▸ Exercise directions
Within the entries that follow, show each line where the word "Toyota" occurs.

Dataset excerpts:
:::
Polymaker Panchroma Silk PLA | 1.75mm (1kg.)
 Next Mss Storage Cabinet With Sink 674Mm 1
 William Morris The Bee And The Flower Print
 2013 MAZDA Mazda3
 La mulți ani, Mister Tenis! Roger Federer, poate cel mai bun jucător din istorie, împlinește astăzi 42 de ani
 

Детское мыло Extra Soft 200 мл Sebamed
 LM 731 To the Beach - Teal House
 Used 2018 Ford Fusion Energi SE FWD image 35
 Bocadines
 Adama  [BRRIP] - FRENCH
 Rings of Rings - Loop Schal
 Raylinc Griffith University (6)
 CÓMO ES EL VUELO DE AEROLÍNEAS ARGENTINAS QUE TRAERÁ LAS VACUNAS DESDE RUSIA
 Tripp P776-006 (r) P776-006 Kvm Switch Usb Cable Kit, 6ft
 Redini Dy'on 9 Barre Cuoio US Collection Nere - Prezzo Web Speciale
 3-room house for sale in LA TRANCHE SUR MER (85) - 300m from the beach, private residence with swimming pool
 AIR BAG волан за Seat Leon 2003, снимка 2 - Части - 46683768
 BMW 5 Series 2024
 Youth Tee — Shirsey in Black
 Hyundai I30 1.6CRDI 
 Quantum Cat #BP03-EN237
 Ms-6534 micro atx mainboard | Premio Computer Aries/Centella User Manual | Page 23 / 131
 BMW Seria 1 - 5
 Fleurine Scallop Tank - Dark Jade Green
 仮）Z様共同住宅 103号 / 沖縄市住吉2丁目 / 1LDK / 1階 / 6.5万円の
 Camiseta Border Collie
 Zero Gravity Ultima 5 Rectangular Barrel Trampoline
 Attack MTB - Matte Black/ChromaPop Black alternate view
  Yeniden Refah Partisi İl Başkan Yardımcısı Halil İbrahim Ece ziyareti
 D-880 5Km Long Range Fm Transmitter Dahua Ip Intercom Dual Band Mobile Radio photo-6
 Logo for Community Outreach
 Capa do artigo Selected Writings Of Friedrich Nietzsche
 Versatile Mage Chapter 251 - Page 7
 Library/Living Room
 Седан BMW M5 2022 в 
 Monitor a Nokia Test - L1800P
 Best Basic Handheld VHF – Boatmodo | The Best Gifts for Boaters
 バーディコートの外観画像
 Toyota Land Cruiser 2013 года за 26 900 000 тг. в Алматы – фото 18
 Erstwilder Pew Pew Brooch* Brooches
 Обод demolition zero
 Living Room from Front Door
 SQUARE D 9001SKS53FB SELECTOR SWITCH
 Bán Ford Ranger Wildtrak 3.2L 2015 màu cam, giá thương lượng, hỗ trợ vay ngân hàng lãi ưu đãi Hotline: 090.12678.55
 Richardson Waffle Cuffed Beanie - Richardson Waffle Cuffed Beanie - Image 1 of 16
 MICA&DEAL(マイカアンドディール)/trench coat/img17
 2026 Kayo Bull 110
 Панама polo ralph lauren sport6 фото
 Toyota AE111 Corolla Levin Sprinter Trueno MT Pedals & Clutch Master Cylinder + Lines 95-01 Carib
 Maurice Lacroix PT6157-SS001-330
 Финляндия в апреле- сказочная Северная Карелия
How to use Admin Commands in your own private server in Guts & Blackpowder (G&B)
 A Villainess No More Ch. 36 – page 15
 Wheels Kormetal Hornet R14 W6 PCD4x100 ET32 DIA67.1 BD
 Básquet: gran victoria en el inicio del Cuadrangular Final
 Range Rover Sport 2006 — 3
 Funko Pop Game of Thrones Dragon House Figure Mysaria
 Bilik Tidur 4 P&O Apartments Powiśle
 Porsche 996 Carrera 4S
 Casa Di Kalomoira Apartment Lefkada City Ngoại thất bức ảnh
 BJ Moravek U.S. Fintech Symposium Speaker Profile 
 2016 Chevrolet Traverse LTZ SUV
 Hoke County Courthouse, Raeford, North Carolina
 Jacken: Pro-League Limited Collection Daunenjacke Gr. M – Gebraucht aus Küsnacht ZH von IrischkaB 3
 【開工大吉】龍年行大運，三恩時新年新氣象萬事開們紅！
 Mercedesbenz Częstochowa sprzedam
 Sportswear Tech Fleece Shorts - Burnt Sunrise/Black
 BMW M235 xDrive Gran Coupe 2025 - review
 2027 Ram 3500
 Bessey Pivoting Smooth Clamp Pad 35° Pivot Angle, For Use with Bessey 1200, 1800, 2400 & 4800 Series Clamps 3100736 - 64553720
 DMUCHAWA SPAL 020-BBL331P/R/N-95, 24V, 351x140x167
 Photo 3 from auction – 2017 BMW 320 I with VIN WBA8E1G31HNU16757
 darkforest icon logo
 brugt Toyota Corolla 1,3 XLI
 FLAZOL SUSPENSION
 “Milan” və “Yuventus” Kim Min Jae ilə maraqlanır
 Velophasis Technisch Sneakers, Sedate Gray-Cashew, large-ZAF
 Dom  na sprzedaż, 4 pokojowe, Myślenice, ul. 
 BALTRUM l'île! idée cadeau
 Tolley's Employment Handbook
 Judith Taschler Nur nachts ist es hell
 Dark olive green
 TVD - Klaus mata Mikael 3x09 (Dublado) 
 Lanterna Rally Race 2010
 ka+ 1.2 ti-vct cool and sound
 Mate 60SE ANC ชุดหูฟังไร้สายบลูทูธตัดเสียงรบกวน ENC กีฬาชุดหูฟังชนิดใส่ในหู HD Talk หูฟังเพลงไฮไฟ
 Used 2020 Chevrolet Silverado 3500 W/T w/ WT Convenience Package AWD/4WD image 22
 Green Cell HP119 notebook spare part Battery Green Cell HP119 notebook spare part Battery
:::
▸ Solution for this exercise
 Toyota Land Cruiser 2013 года за 26 900 000 тг. в Алматы – фото 18
 Toyota AE111 Corolla Levin Sprinter Trueno MT Pedals & Clutch Master Cylinder + Lines 95-01 Carib
 brugt Toyota Corolla 1,3 XLI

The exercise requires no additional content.